ウィーンからアルプスにかけては、多くの温泉が湧いている上、ローマ人が入浴の習慣を持ち込んだため、温泉文化が花咲きました。
今日ご紹介するのは、そんな温泉で栄えたウィーン郊外の町バーデンです。
<バーデンを見下ろして>
バーデンの歴史
「パンノニアのテルメ」として知られたバーデンの温泉は、古代ローマ人が現在のオーストリアに入植したころからの歴史があります。中世にはハンガリーやトルコなどの攻撃を受けましたが、皇帝フランツ一世がここを夏の避暑地として以来、王侯貴族がこぞってヴィラを持ち、芸術家のサロンが開かれました。
1812年に大火の影響で多くの建物が焼失しましたが、おかげでビーダーマイヤー調の建築物が多く建てられ、現在のかわいらしく、ほっこりする街並みが産まれました。
<カフェの窓から眺めた、バーデン市庁舎>
バーデン(Baden)は英語のBath(お風呂)の意味ですので、地名がそのまま「温泉」ということになりますね。バーデンという名は、ドイツ語圏の温泉地によくある地名ですので、区別するため、通常バーデン・バイ・ヴィーン(Baden bei Wien、ウィーンのそばのバーデン)と表記されます。
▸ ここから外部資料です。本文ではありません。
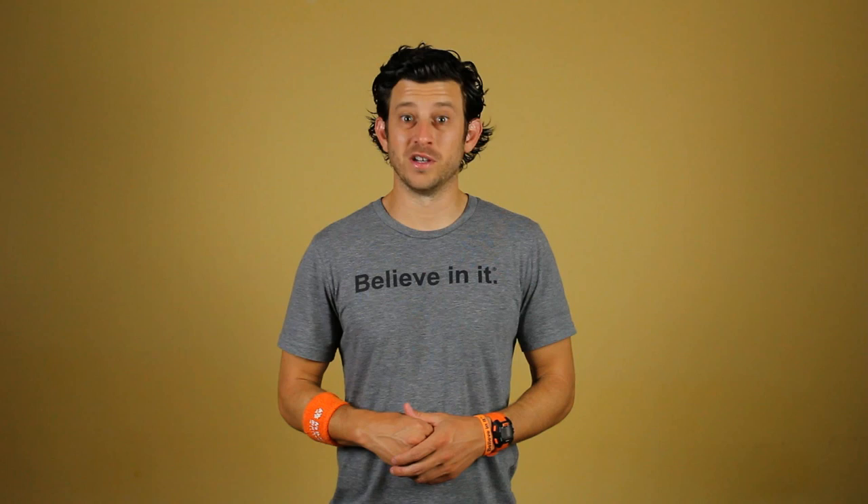A lot of players ask me about nutrition. I'm not a nutritionist, so when I get asked about the subject, I always refer to our nutrition videos. I'll also be referring to Bob and his book, Performance Nutrition for Soccer Players. Click here and you can buy your copy — the link is also in the video description. Full disclaimer, I have no business incentive to refer to this book. I'm doing it because I've read the book, I like it, and I think it's a great resource for our Believe In It athletes.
ここには、湯治と避暑の町として、ベートーヴェンやシュトラウス、シューベルト、ランナーなどが訪れています。また、モーツァルトの妻コンスタンツェもここで度々湯治のために滞在し、モーツァルトもこの地に何度も足を運びました。
ベートーヴェンは第九を、モーツァルトはAve Verum Corpusを作曲した、名曲の舞台になった町でもあります。
バーデンへの行き方
ウィーンから南26kmにあるバーデン。ウィーンからのアクセスもよく、ふらっと日帰り旅行には最適です。
バーデンへは、近郊列車(Regionalzug)と路面電車(Badner Bahn)の二種類の行き方があります。近郊列車はプラーター、ミッテ、中央駅などのウィーンの主要駅から約30分。バーデン駅から町の中心までは12分ほど歩きます。路面電車はウィーンの観光の拠点の一つである、地下鉄カールスプラッツ駅から出ていて、所要時間は1時間。バーデンの中心近くに終点駅があります。
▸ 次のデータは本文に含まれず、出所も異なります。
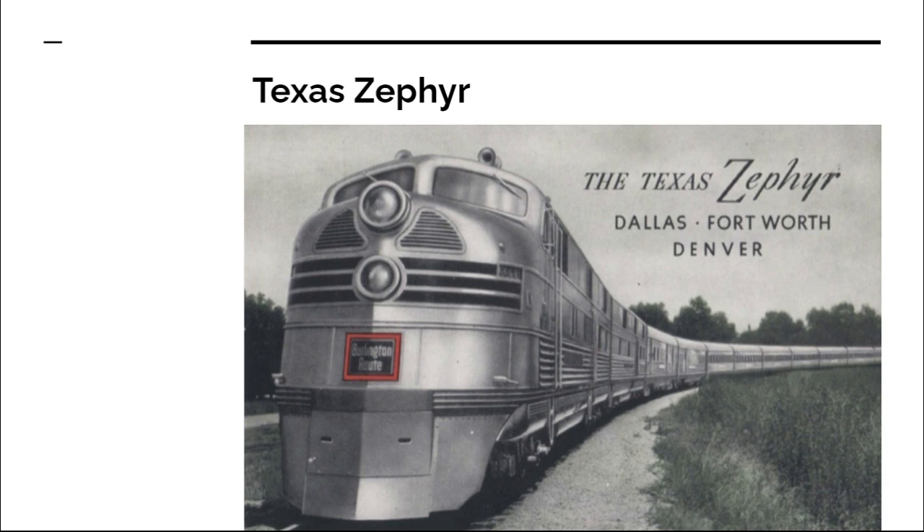The Texas Zephyr was launched in August of 1940 and was a very distant extension of the Hill Empire. It ran from Denver to Fort Worth over the Colorado and Southern and the Fort Worth and Denver, which were subsidiaries of the CB&Q, which is part of Hill's empire. This Zephyr was different from the ones that came before it — it consisted of streamlined coaches and heavyweight sleepers when it was initially created.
<ウィーンからの路面電車の発着地、ヨーゼフ広場。奥の建物は、元浴場を改装した美術館>
近郊列車からの車窓からは、ウィーンの森とワインの名産地Gumpoldskirchenを眺めることができますので、ウィーンから進行方向右側に座るのがお勧めです。森やワイン畑、古城や教会など、変わりゆく風景を見ているうちに、すぐにバーデンに到着します。
車窓風景が楽しめるのは近郊列車、観光地からのアクセスが良いのは路面電車、どちらも便利ですので、片道ずつ乗ってもいいかもしれませんね。
バーデン散策
それでは、バーデンの町を散策してみましょう。コンパクトな街ですので、半日ほどのんびりするのにピッタリです。
バーデンは今でも湯治の町として有名で、ウィーンから遊びに来る人も多く、気軽な骨休めといった雰囲気が漂います。
まず、路面電車の発着点ともなっているヨーゼフ広場から、市庁舎や三位一体記念塔のある広場へと足を運びます。
<三位一体記念塔>
この市庁舎の手前の道を入ってすぐのところに、ベートーヴェンが1823年に第九を作曲した時に住んでいた「ベートーベンハウス」があり、内部は資料館になっています。オレンジ色の壁が素朴で、親しみやすい雰囲気の建物です。このほかにも、バーデンはベートーヴェンが暮らした建物が複数残されていますので、街歩きの合間に探してみてくださいね。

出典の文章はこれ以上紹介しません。